Overview of cases with cytomegalovirus (CMV) enterocolitis after immunotherapy
| Reference | Age | Sex | Histology | Immunotherapy | Onset (weeks) | Symptoms | Immuno-suppressants | Methods | Time of Dx (weeks) | Treatment | |
|---|---|---|---|---|---|---|---|---|---|---|---|
|
| |||||||||||
| Type | Duration (weeks) | ||||||||||
| Lankes et al., 201619 | 32 | Male | Malignant melanoma | Ipilimumab–nivolumab | 3 | Grade 3 diarrhea, vomiting | Corticosteroid, infliximab | Colon CMV DNA, IHC | 9 | Ganciclovir valganciclovir | 10 |
| Franklin et al., 201718 | 57 | Male | Malignant melanoma | Ipilimumab | 13 | Grade 3 diarrhea, hematochezia, weight loss | Corticosteroid, infliximab | Colon CMV DNA, IHC | 19 | Ganciclovir | 9 |
| 66 | Female | Malignant melanoma | Ipilimumab | 7 | Grade 3 diarrhea | Corticosteroid, infliximab, cyclosporin | Stool CMV DNA | 14 | Died | ||
| 67 | Female | Malignant melanoma | Ipilimumab | 8 | Grade 3 diarrhea, hematochezia | Corticosteroid, infliximab | Colon CMV DNA | 13 | Ganciclovir | 3 | |
| 77 | Male | Malignant melanoma | Ipilimumab | 11 | Grade 3 diarrhea | Corticosteroid | Colon CMV DNA, IHC | 18 | Ganciclovir | 9 | |
| 73 | Male | Malignant melanoma | Ipilimumab–nivolumab | 8 | Grade 3 diarrhea, hematochezia | Corticosteroid, infliximab | Colon and stool CMV DNA | 8 | Ganciclovir | 3 | |
| Gueguen et al., 201920 | 70 | Male | Malignant melanoma | Pembrolizumab | 12 | Grade 3 diarrhea | Corticosteroid | IHC | NA | Ganciclovir valganciclovir | 4 |
Dx = diagnosis; IHC = immunohistochemistry.

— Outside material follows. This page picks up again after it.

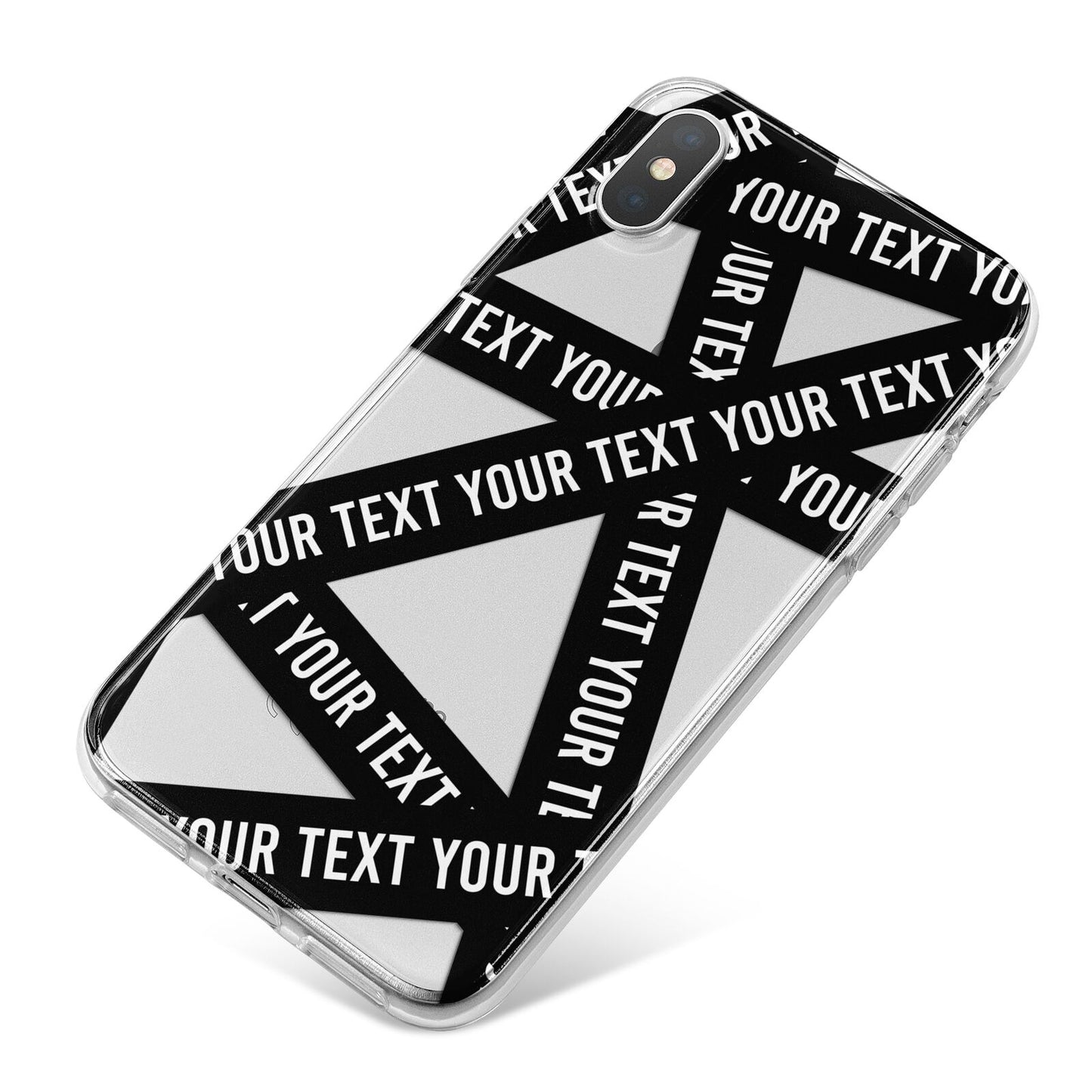 Caution Tape Custom Phrase iPhone X Bumper Case on Silver iPhone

The recent success of immunotherapy in cancer treatment suggests that the PD-1/PD-L1 pathway might be associated with the prevention and treatment of infectious diseases21. However, infections have been reported in patients undergoing immunotherapy, as is demonstrated in our case. That paradoxical event might be explained by the mechanism behind the immune reconstitution inflammatory syndrome seen in patients with aids and tuberculosis22. In active infection, the PD-1/PD-L1 pathway inhibits the function of CD4 and CD8 effector T cells, preventing a fatal excessive immune response and allowing the pathogen to persist23. Blocking the PD-1/PD-L1 pathway with immunotherapy might therefore unmask latent cmv infection by boosting cmv-specific T cell activity.
SUMMARY
Our case highlights a rare instance of cmv gastritis associated with immunotherapy despite the absence of immunosuppression to manage an irae. As the number of patients treated with immunotherapy increases, incidences of cmv infection are expected to increase, and a high index of clinical suspicion is needed in symptomatic patients. Guidelines for prophylaxis and treatment of such infections are necessary if patients are to continue on immunotherapy.
Footnotes
CONFLICT OF INTEREST DISCLOSURES
We have read and understood Current Oncology’s policy on disclosing conflicts of interest, and we declare that we have none.